Click pictures to see larger versions.

This cave discovered by Joint, Mitchel and Northey has a total length of 50m.

Just inside the entrance is a fair sized chamber to the left of which a talus cone of earth, boulders and bones covered by stalagmite slopes steeply upwards to form a rift. This talus once extended across the floor of the chamber but has since been excavated to reveal over 4000 bones of animals such as hippopotamus, bison, hyaena, and straight-tusked elephants dated to the lpswichian stage of the Pleistocene period.

The cave contains the richest deposit of mammalian remains of the Last Interglacial age (probably about l00,000 years old) yet found in a British cave. These animals had apparently fallen down a shaft in the roof of the cave, since blocked, and their remains were buried below in a talus cone of earth and stones.

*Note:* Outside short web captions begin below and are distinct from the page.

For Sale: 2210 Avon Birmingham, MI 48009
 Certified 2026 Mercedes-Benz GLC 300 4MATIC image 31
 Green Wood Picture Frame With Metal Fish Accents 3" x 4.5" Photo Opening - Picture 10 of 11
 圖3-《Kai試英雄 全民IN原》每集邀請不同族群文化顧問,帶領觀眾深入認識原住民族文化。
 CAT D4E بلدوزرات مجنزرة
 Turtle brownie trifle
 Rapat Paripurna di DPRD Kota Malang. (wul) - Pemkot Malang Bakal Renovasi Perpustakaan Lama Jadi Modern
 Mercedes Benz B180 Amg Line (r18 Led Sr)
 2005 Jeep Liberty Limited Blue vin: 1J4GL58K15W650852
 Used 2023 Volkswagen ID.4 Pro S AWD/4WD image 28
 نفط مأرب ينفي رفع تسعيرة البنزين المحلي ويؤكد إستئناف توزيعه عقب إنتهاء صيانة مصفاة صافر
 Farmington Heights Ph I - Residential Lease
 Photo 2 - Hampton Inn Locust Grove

Extensive excavations were carried out in 1939-41 by the Torquay Natural History Society, who found remains of the hippopotamus and other warm climate animals, that are now preserved in the Torquay Museum. In 1960 Leslie Neale, Deputy Head Keeper of Paignton Zoological Gardens, began setting up the cave as a scientific demonstration site and,with the aid of grants from the Nature Conservancy.

Straight ahead some steps lead into an excavated tunnel that leads into a low stream passage. To the right of the chamber a promising passage goes for a few metres but it soon deteriorates into a low, wide bedding plane.

Joint Mitnor is a show cave opened at specific times to the public by the William Pengelly Cave Studies Trust. Admittance at other times can only be made with the prior arrangement of the Trust.